Showing posts with label crime. Show all posts
Showing posts with label crime. Show all posts

Saturday, 13 April 2013

THE LOVELY BONES


2009, Peter Jackson, 135 mins.

A young girl is murdered and tells her story from the afterlife.



Peter Jackson’s best film since Heavenly Creatures, this is an adaptation of Alice Sebold’s novel which is distinctive for quite sensational visuals from cinematographer Andrew Lesnie and an astonishing performance from Stanley Tucci as the banal but deviant neighbour who murders the fourteen year old narrator of the film, played with immense confidence by young Saoirse Ronan.

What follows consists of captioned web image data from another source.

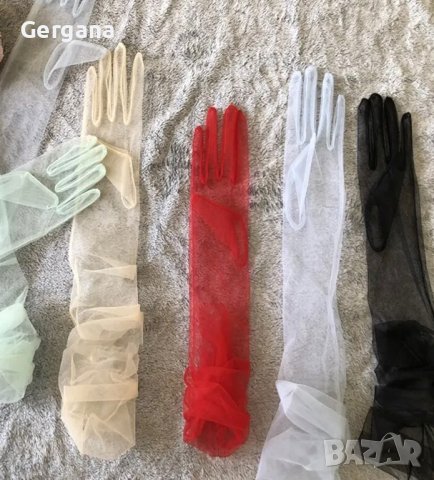 дълги ръкавици от тюл, снимка 2 - Ръкавици - 38013932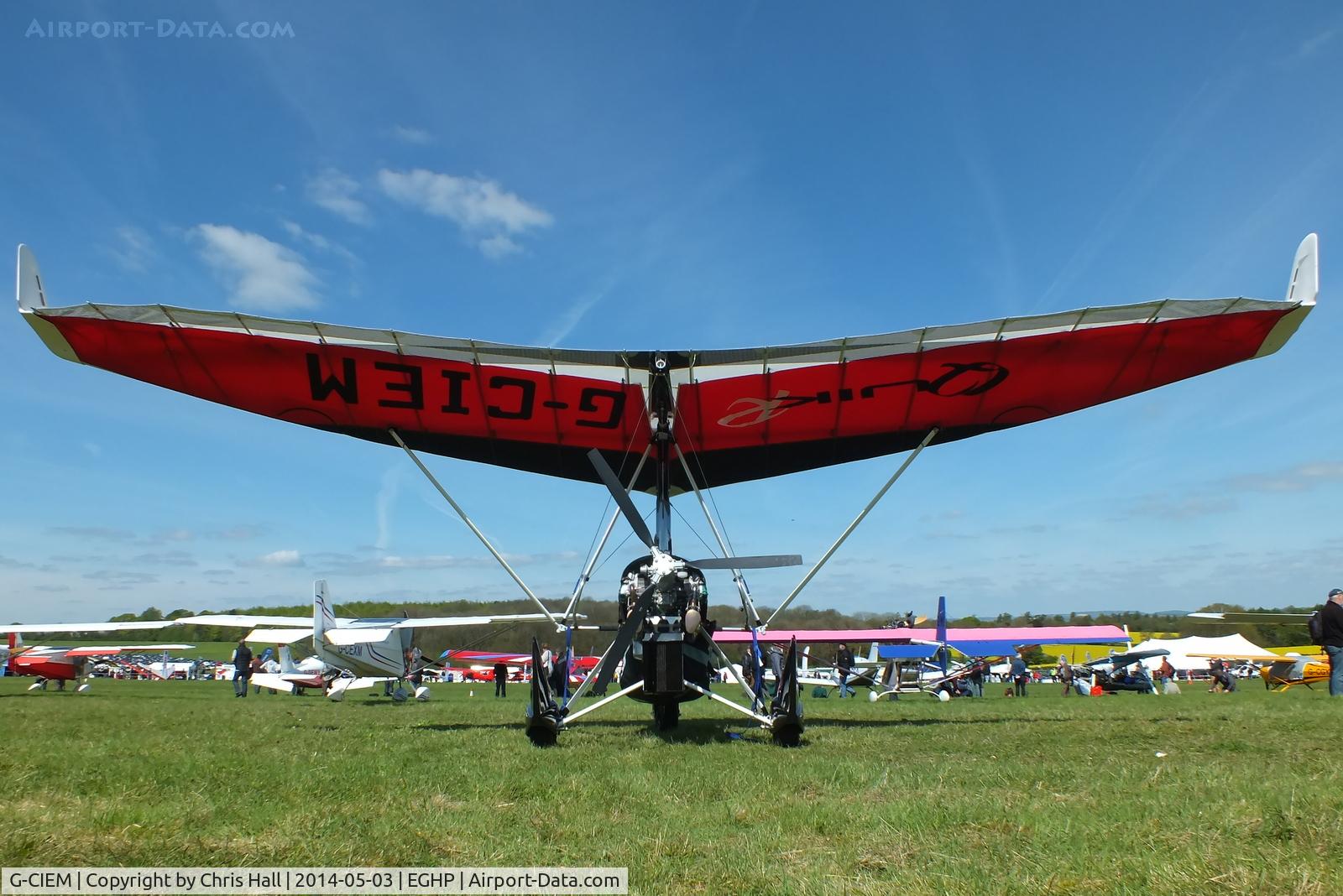 G-CIEM, 2014 P&M Aviation QuikR C/N 8678, at the 2014 Microlight Trade Fair, Popham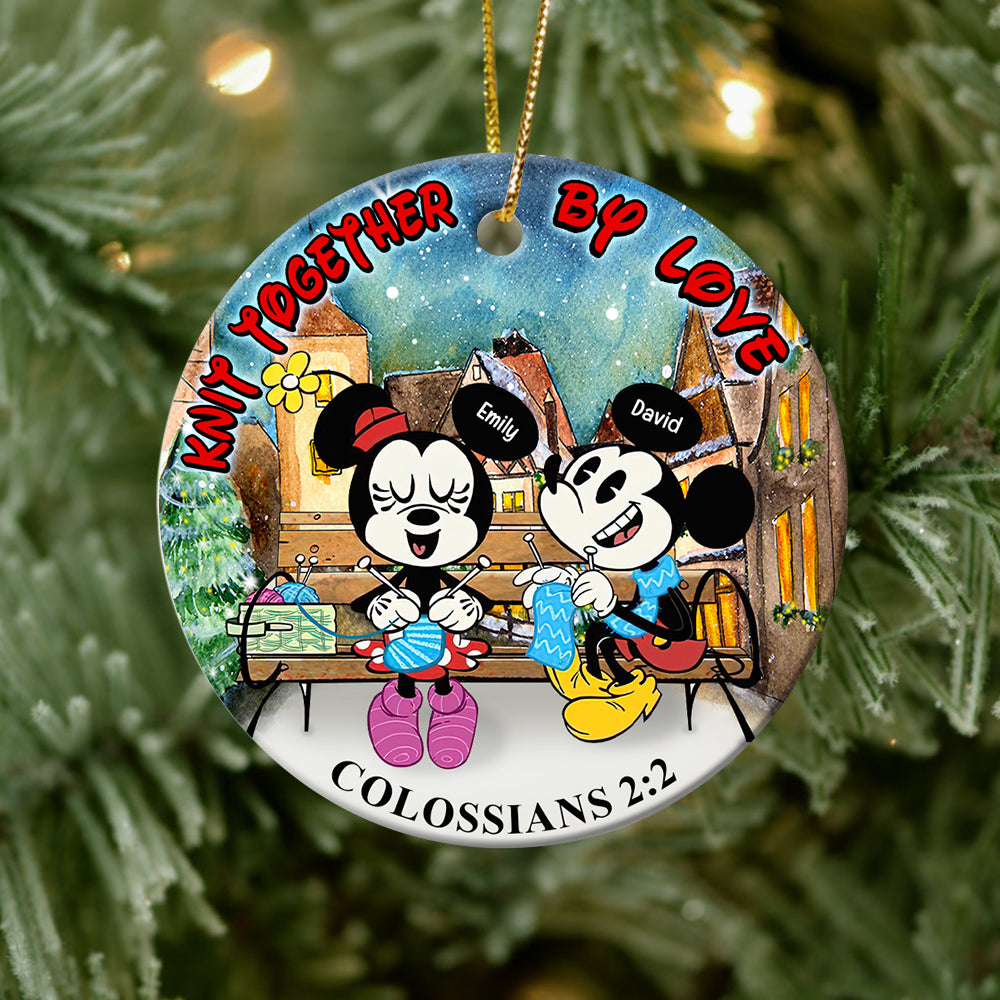 Personalized Gifts For Knitting Couple Ornament 04Xqqn260724 - Image 2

Tucci captures a sense of evil which is genuinely disturbing and allows Jackson to be relatively discreet in the portrayal of the murder. In fact, the film underplays both the potential for both horror and sentimentality, and the result is something very unusual and distinctive. A slight misstep is Susan Sarandon’s quirky performance as the lush of a grandmother but this is compensated for by the fine, understated work by  Mark Wahlberg and Rachel Weisz as Ronan’s parents trying to cope with grief. 

Friday, 22 March 2013

VILLAIN


1971, Michael Tuchner, 94 mins. 

A mother-fixated gangster is involved in a disastrous robbery. 



Although ostensibly a gangster movie, Villain is actually most interesting as a state of the nation film which portrays Britain in the early seventies as a country going rapidly down the drain. Nothing works properly, the system is corrupt, sex is degrading and you can’t even pull off a decent payroll robbery because the unions are going out on strike. Richard Burton is pretty good as Vic Dakin, the villain of the title - clearly based on a combination of Reggie Kray and Cagney in White Heat – and Nigel Davenport is splendid as his nemesis, the only honest copper in the Met. The location filming is fantastic, especially a botched heist on a Bracknell factory, and the cast is packed with familiar faces, ranging from  Donald Sinden to James Cossins. Not quite on a par with Get Carter but close.